Ukraine’s willingness to forge a new relationship with Russia also provides a basis for more stable trade relations between the two most important Soviet republics, officials said. For a time after the attempted August coup, Ukraine, the Soviet breadbasket, refused to send grain to Russia. And Russia, the premier energy producer, halted fuel shipments to Ukraine. But the new commonwealth should at least ease some strains on the Soviet food distribution system.

So far, U.S. food assistance has been carried out despite the apparent collapse of the central authority, American officials said. The first grain shipments since President Bush’s decision in November to expand U.S. food aid should arrive in the Soviet Union this month, an Agriculture Department spokesman said Tuesday.

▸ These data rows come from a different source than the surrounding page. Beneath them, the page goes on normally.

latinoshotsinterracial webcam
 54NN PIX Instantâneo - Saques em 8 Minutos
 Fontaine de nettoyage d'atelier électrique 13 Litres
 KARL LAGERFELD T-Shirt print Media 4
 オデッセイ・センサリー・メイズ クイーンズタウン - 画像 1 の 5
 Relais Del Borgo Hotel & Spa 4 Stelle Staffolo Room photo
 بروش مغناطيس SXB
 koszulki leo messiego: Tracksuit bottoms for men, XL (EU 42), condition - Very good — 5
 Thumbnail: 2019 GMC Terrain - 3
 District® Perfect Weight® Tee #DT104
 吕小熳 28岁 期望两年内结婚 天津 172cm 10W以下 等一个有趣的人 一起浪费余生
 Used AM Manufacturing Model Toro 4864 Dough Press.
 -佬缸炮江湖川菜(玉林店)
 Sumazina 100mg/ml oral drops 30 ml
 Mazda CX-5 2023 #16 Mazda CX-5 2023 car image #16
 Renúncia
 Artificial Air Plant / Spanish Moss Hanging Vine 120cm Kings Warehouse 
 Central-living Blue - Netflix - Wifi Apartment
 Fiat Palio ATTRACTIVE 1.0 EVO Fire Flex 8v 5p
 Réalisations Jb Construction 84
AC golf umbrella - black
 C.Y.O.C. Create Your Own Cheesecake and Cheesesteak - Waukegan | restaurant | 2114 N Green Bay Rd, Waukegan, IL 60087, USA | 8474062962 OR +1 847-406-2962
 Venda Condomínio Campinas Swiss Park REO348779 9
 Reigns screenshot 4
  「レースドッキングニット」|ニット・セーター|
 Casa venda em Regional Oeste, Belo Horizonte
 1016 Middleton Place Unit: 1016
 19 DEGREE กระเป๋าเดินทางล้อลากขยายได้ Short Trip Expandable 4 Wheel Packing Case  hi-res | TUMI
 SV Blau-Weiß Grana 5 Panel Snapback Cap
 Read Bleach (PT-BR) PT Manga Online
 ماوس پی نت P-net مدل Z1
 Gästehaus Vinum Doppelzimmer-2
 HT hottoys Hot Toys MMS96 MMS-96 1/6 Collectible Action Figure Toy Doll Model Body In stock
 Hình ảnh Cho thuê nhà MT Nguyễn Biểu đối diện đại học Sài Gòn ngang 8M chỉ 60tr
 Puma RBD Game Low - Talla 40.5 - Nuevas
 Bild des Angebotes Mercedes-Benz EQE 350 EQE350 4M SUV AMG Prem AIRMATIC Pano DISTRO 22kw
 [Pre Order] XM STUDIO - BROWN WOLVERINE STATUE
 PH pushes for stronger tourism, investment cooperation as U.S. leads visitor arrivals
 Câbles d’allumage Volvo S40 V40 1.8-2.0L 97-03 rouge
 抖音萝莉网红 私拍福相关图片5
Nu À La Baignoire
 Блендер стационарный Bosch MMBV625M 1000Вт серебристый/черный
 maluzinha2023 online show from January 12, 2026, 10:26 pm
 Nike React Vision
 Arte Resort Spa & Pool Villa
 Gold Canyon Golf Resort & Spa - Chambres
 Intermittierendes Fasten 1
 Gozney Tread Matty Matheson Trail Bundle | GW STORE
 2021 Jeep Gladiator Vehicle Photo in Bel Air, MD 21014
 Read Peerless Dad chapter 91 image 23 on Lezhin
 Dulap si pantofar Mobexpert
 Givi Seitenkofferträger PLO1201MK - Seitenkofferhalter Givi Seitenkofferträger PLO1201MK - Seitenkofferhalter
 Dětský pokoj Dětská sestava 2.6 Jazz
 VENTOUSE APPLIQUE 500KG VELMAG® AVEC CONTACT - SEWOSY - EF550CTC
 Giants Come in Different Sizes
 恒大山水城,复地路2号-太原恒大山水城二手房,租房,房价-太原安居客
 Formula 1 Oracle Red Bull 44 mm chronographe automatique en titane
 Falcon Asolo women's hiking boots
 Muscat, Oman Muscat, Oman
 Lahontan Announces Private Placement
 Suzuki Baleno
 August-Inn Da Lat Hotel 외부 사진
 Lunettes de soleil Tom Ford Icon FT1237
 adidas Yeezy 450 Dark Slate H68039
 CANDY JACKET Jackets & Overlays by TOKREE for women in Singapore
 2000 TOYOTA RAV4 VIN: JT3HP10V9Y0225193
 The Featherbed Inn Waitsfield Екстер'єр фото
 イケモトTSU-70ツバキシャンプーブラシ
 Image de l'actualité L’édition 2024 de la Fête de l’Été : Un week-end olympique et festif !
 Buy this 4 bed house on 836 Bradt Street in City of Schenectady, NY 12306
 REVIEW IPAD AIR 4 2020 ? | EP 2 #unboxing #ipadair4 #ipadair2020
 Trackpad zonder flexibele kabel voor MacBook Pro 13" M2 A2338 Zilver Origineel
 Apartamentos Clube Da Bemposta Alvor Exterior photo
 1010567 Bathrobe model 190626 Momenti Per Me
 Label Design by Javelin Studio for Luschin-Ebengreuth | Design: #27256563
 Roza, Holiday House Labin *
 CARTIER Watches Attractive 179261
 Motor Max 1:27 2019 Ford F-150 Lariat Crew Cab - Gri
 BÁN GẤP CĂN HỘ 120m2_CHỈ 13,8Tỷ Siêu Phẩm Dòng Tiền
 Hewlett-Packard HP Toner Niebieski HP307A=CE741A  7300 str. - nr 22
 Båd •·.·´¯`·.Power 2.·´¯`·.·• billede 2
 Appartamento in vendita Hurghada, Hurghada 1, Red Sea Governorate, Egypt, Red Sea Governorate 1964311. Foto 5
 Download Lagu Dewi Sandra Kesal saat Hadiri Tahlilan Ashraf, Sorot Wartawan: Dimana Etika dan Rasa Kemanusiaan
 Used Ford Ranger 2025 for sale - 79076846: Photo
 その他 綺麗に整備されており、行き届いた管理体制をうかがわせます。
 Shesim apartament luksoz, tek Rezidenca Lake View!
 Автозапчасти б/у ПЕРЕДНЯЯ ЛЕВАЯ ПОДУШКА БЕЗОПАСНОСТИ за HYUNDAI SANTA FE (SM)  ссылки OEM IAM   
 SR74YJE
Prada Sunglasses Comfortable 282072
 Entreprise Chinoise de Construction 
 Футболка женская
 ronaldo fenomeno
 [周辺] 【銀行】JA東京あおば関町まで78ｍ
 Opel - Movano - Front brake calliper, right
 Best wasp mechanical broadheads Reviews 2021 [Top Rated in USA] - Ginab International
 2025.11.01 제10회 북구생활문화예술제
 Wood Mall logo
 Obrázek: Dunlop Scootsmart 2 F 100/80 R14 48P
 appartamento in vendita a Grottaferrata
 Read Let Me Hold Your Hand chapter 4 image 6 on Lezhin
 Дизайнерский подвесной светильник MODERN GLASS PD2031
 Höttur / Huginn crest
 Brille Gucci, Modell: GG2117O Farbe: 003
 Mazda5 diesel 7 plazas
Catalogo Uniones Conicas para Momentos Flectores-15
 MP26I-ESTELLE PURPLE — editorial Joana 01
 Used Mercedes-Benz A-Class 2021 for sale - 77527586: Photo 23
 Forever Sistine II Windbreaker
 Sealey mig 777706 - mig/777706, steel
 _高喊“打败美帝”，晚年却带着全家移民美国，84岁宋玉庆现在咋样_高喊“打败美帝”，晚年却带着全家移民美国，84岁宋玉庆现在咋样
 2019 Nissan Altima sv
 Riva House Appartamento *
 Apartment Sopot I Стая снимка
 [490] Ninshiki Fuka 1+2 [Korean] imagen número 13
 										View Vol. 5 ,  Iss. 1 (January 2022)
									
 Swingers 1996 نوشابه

Western debt relief also should be able to continue under a new commonwealth, officials said. The debt talks always have involved individual republics, and local authorities have agreed to shoulder the repayment of the Soviet foreign debt.

But complicating the picture, officials said, is the absence in the commonwealth, so far, of the Central Asian republics of the Soviet empire. If the Soviet central government collapses, U.S. aid to Central Asia, where food shortages are severe, will have to go directly to each of the poverty stricken, remote republics.

Strauss challenged American corporations to invest in the Soviet Union. He warned that the Germans and Japanese are rushing in, while American firms sit on the sidelines.